### Your instructions
Of the entries below, return only those lines from the line with "technologia tri-elastinex" to the line with "Reasons why you", exactly, both included.

Saved data entries
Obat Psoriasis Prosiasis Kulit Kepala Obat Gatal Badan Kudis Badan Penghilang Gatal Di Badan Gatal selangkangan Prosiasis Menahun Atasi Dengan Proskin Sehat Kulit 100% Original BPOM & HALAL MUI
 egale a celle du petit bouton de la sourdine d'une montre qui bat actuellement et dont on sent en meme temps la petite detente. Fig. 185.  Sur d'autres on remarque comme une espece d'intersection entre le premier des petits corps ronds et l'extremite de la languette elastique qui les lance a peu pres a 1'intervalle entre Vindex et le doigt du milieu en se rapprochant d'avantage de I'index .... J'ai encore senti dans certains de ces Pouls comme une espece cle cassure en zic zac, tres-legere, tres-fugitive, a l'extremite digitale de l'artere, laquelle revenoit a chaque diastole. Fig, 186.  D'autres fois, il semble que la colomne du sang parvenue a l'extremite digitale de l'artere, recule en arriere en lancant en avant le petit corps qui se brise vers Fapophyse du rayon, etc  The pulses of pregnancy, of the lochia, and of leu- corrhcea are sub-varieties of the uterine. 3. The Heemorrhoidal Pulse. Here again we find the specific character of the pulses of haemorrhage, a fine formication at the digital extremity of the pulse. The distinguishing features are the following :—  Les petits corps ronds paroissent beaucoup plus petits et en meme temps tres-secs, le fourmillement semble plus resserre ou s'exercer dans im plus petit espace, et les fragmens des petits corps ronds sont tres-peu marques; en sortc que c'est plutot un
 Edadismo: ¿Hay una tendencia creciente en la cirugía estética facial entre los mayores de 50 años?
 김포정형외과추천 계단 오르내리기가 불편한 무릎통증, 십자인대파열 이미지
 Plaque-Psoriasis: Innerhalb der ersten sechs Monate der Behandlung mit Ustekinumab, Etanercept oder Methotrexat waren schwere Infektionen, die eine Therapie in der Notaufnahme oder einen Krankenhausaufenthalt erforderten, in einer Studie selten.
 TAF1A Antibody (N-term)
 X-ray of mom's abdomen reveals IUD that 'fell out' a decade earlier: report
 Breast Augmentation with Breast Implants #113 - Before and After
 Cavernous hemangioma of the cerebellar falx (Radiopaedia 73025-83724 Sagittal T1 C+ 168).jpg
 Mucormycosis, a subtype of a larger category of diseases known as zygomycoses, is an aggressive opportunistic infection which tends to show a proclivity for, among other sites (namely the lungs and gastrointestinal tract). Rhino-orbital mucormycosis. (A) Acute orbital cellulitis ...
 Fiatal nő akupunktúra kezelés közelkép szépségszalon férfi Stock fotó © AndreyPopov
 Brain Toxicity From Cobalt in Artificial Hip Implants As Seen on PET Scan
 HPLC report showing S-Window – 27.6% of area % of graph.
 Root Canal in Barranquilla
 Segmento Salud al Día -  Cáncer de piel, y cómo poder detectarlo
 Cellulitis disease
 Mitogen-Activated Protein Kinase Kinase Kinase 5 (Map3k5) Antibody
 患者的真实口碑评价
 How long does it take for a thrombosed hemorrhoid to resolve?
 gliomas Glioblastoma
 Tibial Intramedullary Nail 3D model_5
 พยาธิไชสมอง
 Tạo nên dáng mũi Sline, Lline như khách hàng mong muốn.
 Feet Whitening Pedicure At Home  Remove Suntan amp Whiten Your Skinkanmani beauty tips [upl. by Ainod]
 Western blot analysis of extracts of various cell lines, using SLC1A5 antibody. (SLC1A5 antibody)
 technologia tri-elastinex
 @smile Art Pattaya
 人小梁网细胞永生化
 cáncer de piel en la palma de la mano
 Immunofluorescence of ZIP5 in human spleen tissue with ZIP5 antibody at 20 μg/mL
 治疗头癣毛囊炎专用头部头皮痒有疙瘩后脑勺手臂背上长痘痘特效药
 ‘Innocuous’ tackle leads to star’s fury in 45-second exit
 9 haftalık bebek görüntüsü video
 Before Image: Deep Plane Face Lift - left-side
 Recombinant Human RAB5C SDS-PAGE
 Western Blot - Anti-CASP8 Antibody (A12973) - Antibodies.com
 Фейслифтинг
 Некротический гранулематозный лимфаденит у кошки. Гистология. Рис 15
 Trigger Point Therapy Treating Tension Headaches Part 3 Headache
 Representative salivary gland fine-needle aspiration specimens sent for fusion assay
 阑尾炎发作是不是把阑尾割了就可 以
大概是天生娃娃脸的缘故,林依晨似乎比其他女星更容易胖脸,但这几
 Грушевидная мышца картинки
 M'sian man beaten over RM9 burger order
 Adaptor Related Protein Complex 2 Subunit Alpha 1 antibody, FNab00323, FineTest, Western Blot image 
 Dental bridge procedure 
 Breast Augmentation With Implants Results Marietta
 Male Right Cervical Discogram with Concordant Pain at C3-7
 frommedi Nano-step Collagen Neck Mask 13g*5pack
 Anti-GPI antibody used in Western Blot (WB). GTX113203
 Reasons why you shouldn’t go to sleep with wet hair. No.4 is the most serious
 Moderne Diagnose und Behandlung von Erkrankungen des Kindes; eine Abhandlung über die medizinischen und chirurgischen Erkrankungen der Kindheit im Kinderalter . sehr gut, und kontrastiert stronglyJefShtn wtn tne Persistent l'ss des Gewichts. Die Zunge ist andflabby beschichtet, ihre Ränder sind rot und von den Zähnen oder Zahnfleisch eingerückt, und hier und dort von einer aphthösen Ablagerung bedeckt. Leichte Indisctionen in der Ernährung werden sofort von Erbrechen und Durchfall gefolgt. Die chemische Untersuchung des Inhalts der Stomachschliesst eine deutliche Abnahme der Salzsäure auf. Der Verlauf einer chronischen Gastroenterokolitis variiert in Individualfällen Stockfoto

### Response
 technologia tri-elastinex
 @smile Art Pattaya
 人小梁网细胞永生化
 cáncer de piel en la palma de la mano
 Immunofluorescence of ZIP5 in human spleen tissue with ZIP5 antibody at 20 μg/mL
 治疗头癣毛囊炎专用头部头皮痒有疙瘩后脑勺手臂背上长痘痘特效药
 ‘Innocuous’ tackle leads to star’s fury in 45-second exit
 9 haftalık bebek görüntüsü video
 Before Image: Deep Plane Face Lift - left-side
 Recombinant Human RAB5C SDS-PAGE
 Western Blot - Anti-CASP8 Antibody (A12973) - Antibodies.com
 Фейслифтинг
 Некротический гранулематозный лимфаденит у кошки. Гистология. Рис 15
 Trigger Point Therapy Treating Tension Headaches Part 3 Headache
 Representative salivary gland fine-needle aspiration specimens sent for fusion assay
 阑尾炎发作是不是把阑尾割了就可 以
大概是天生娃娃脸的缘故,林依晨似乎比其他女星更容易胖脸,但这几
 Грушевидная мышца картинки
 M'sian man beaten over RM9 burger order
 Adaptor Related Protein Complex 2 Subunit Alpha 1 antibody, FNab00323, FineTest, Western Blot image 
 Dental bridge procedure 
 Breast Augmentation With Implants Results Marietta
 Male Right Cervical Discogram with Concordant Pain at C3-7
 frommedi Nano-step Collagen Neck Mask 13g*5pack
 Anti-GPI antibody used in Western Blot (WB). GTX113203
 Reasons why you shouldn’t go to sleep with wet hair. No.4 is the most serious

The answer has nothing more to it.